■ TASK TO COMPLETE
A word-for-word restatement of every record is required.

■ SOURCE MATERIAL

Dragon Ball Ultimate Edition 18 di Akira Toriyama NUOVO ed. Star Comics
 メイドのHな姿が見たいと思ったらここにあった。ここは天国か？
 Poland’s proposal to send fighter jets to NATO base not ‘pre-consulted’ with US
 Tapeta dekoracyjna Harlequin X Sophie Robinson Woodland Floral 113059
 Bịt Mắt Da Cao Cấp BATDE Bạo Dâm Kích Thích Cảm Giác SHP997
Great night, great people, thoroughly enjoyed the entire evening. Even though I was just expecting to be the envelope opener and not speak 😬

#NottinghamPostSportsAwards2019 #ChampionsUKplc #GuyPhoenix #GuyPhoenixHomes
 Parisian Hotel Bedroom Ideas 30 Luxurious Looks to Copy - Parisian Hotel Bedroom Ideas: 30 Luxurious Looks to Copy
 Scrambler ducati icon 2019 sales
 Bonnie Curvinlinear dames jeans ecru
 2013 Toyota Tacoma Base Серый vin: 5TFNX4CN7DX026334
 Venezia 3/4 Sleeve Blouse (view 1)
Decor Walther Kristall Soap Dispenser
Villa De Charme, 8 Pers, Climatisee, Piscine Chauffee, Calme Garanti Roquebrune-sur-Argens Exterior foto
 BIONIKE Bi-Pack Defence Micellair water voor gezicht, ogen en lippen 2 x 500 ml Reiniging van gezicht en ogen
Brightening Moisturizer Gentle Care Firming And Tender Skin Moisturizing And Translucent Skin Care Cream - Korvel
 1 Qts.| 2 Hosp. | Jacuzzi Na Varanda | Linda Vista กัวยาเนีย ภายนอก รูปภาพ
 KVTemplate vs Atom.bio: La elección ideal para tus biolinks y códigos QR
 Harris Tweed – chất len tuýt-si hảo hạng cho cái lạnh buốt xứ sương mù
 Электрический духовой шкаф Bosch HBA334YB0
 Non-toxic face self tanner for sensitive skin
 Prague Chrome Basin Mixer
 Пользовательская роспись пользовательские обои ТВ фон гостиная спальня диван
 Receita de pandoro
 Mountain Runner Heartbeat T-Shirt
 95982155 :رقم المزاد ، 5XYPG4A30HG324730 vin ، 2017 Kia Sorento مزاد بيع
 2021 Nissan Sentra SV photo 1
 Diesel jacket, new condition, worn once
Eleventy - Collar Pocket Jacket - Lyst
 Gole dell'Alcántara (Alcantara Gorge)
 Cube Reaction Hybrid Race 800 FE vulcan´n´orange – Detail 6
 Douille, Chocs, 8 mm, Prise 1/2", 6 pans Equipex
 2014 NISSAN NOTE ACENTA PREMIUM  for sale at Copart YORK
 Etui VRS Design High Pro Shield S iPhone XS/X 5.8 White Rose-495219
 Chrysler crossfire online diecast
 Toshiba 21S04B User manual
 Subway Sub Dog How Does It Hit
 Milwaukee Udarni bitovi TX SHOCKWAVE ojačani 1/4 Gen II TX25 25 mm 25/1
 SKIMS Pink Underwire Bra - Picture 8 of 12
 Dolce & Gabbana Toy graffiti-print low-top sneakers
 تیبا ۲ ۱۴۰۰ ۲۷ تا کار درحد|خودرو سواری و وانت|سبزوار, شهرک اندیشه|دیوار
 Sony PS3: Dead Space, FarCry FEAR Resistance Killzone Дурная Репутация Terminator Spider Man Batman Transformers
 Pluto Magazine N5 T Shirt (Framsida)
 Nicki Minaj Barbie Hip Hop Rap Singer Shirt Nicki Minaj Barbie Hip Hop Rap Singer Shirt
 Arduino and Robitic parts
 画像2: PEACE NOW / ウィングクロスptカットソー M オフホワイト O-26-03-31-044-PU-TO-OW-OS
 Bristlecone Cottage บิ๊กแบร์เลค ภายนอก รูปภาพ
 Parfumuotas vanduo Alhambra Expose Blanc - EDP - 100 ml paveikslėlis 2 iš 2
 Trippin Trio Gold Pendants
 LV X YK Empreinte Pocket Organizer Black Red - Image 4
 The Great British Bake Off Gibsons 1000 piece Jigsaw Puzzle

■ EXERCISE RESPONSE
Dragon Ball Ultimate Edition 18 di Akira Toriyama NUOVO ed. Star Comics
 メイドのHな姿が見たいと思ったらここにあった。ここは天国か？
 Poland’s proposal to send fighter jets to NATO base not ‘pre-consulted’ with US
 Tapeta dekoracyjna Harlequin X Sophie Robinson Woodland Floral 113059
 Bịt Mắt Da Cao Cấp BATDE Bạo Dâm Kích Thích Cảm Giác SHP997
Great night, great people, thoroughly enjoyed the entire evening. Even though I was just expecting to be the envelope opener and not speak 😬

#NottinghamPostSportsAwards2019 #ChampionsUKplc #GuyPhoenix #GuyPhoenixHomes
 Parisian Hotel Bedroom Ideas 30 Luxurious Looks to Copy - Parisian Hotel Bedroom Ideas: 30 Luxurious Looks to Copy
 Scrambler ducati icon 2019 sales
 Bonnie Curvinlinear dames jeans ecru
 2013 Toyota Tacoma Base Серый vin: 5TFNX4CN7DX026334
 Venezia 3/4 Sleeve Blouse (view 1)
Decor Walther Kristall Soap Dispenser
Villa De Charme, 8 Pers, Climatisee, Piscine Chauffee, Calme Garanti Roquebrune-sur-Argens Exterior foto
 BIONIKE Bi-Pack Defence Micellair water voor gezicht, ogen en lippen 2 x 500 ml Reiniging van gezicht en ogen
Brightening Moisturizer Gentle Care Firming And Tender Skin Moisturizing And Translucent Skin Care Cream - Korvel
 1 Qts.| 2 Hosp. | Jacuzzi Na Varanda | Linda Vista กัวยาเนีย ภายนอก รูปภาพ
 KVTemplate vs Atom.bio: La elección ideal para tus biolinks y códigos QR
 Harris Tweed – chất len tuýt-si hảo hạng cho cái lạnh buốt xứ sương mù
 Электрический духовой шкаф Bosch HBA334YB0
 Non-toxic face self tanner for sensitive skin
 Prague Chrome Basin Mixer
 Пользовательская роспись пользовательские обои ТВ фон гостиная спальня диван
 Receita de pandoro
 Mountain Runner Heartbeat T-Shirt
 95982155 :رقم المزاد ، 5XYPG4A30HG324730 vin ، 2017 Kia Sorento مزاد بيع
 2021 Nissan Sentra SV photo 1
 Diesel jacket, new condition, worn once
Eleventy - Collar Pocket Jacket - Lyst
 Gole dell'Alcántara (Alcantara Gorge)
 Cube Reaction Hybrid Race 800 FE vulcan´n´orange – Detail 6
 Douille, Chocs, 8 mm, Prise 1/2", 6 pans Equipex
 2014 NISSAN NOTE ACENTA PREMIUM  for sale at Copart YORK
 Etui VRS Design High Pro Shield S iPhone XS/X 5.8 White Rose-495219
 Chrysler crossfire online diecast
 Toshiba 21S04B User manual
 Subway Sub Dog How Does It Hit
 Milwaukee Udarni bitovi TX SHOCKWAVE ojačani 1/4 Gen II TX25 25 mm 25/1
 SKIMS Pink Underwire Bra - Picture 8 of 12
 Dolce & Gabbana Toy graffiti-print low-top sneakers
 تیبا ۲ ۱۴۰۰ ۲۷ تا کار درحد|خودرو سواری و وانت|سبزوار, شهرک اندیشه|دیوار
 Sony PS3: Dead Space, FarCry FEAR Resistance Killzone Дурная Репутация Terminator Spider Man Batman Transformers
 Pluto Magazine N5 T Shirt (Framsida)
 Nicki Minaj Barbie Hip Hop Rap Singer Shirt Nicki Minaj Barbie Hip Hop Rap Singer Shirt
 Arduino and Robitic parts
 画像2: PEACE NOW / ウィングクロスptカットソー M オフホワイト O-26-03-31-044-PU-TO-OW-OS
 Bristlecone Cottage บิ๊กแบร์เลค ภายนอก รูปภาพ
 Parfumuotas vanduo Alhambra Expose Blanc - EDP - 100 ml paveikslėlis 2 iš 2
 Trippin Trio Gold Pendants
 LV X YK Empreinte Pocket Organizer Black Red - Image 4
 The Great British Bake Off Gibsons 1000 piece Jigsaw Puzzle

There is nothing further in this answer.